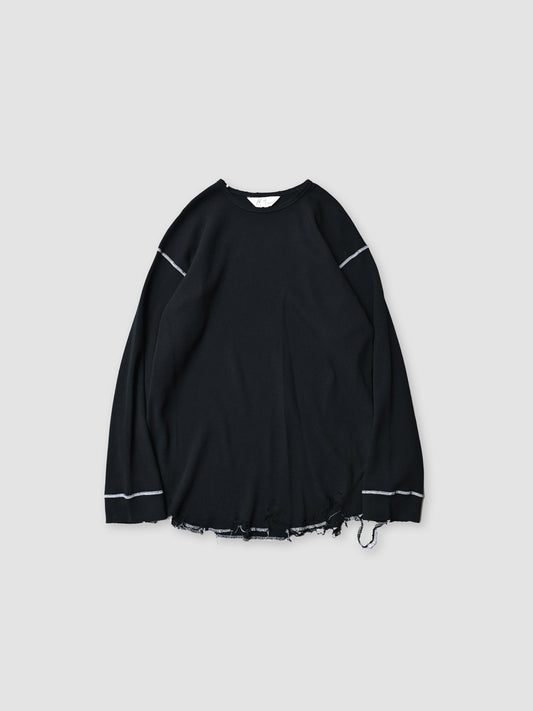 ANCELLM / DAMAGE WAFFLE CREW LS T-SHIRT -BLACK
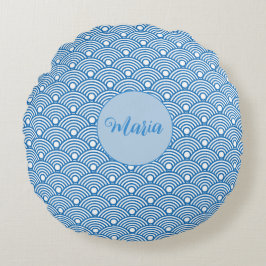 Scallop Muster Aqua Blau Dekorationsmuster Rundes Kissen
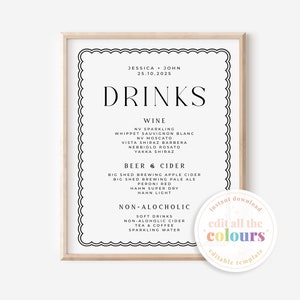 BELLA Modern Wedding Drinks Bar Sign Template, Minimal Cocktail sign birthday sign download, Instant Download Editable Templett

__WORK TASK__
Given the listing above, return exactly, and only, the lines from the line with "Scallop Muster Aqua" through its final line, both included, with the pictures removed.

__SOLUTION TO THIS EXERCISE__
 Scallop Muster Aqua Blau Dekorationsmuster Rundes Kissen
 BELLA Modern Wedding Drinks Bar Sign Template, Minimal Cocktail sign birthday sign download, Instant Download Editable Templett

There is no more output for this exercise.